Unfortunately, Blackburn’s discussion of theological and religious treatments of self-regard is less developed. After offering brief caricatures of Augustine and “religion” early in the book, Blackburn eventually returns to a more appreciative analysis of Christianity’s high placement of pride in the list of problems to which humans are susceptible. Drawing on Milton’s story of humanity’s fall, he names pride as an “overarching template of wrongdoing” that becomes the “activator and catalyst” for other sins, such as greed, envy, and arrogance.
Blackburn is clearly unaware of the feminist discussion that began with Valerie Saiving’s pivotal 1960 essay concerning the theological categories of pride, self-love, and self-abnegation as gendered phenomena. Despite this, he occasionally travels alongside feminists—for example, when he recognizes that the moral valuation given to pride is situation-dependent. He distinguishes between vanity and the “proper” pride one feels when one deserves the admiration of others. Proper pride, he notes, is something like self-respect, and it can serve a positive role that vanity rarely if ever achieves.
Might disordered self-love relate to growing economic inequality? Wealthy CEOs “forget to wonder how they appear to others,” Blackburn writes, and they come to believe that because they have wealth, “they must be worth it.” He names compassion as the key to overcoming corporate greed, because compassion involves “imaginative displacement into the state of another”—a solution that will be appreciated by congregations concerned with the Gospels’ focus on wealth and poverty. Blackburn contends that the excesses of the “greed is good” business culture speaks not of an essentially greedy human nature, but of a cultural construction of human lives that replaces a good and proper self-regard with one that is clearly out of order.

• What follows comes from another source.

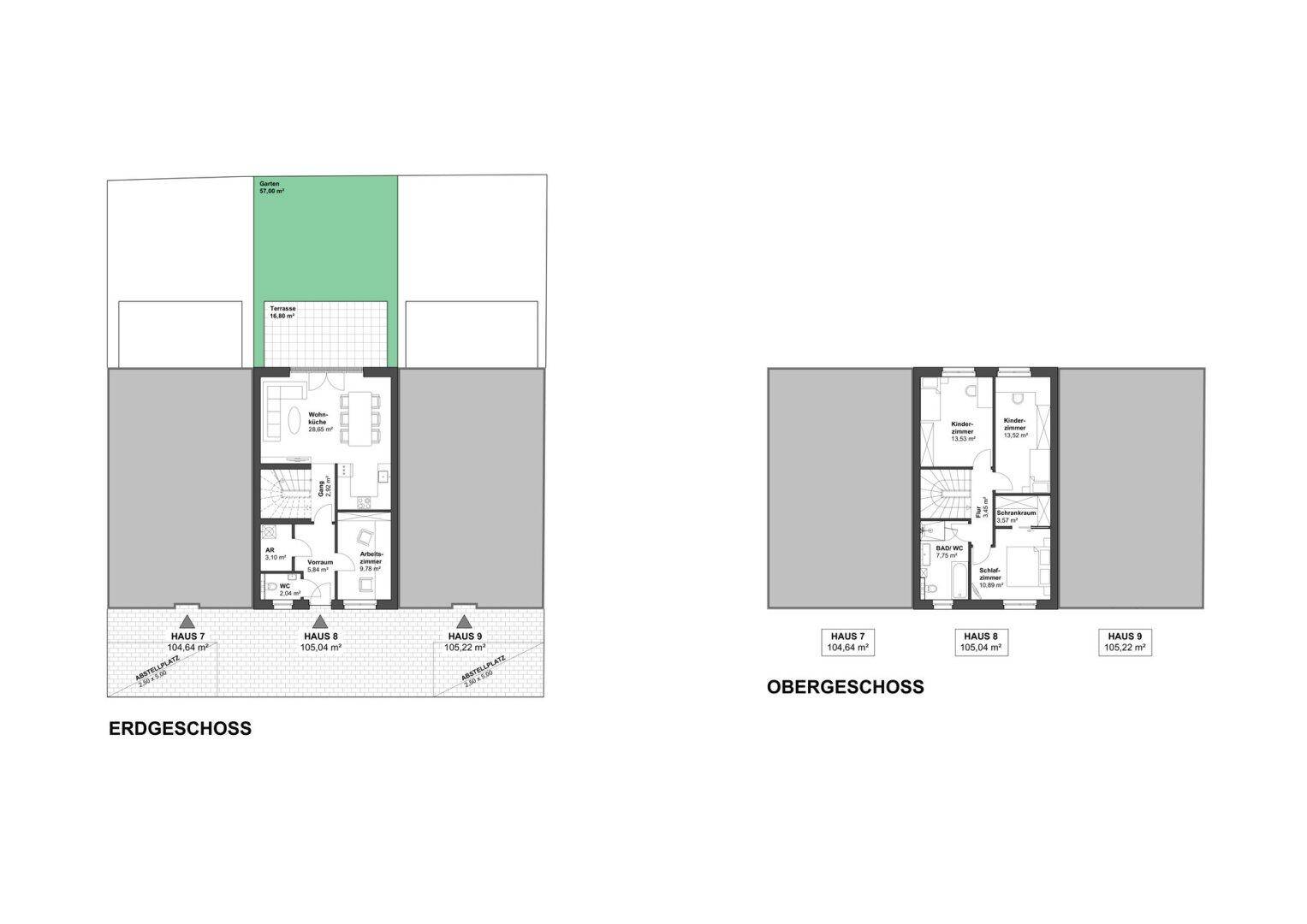 Grundrisspläne für Erdgeschoss und Obergeschoss von Haus 7 und 8.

Adults of my parents’ generation taught their children not to toot their own horns. It was a behavioral norm that guarded against excesses of self-admiration. Although this can result in inappropriate self-abnegation, particularly for members of marginalized groups, there is a useful balance in the old-fashioned idea that people ought not to seek acclaim for themselves, whether in matters of breakfast menus or beauty.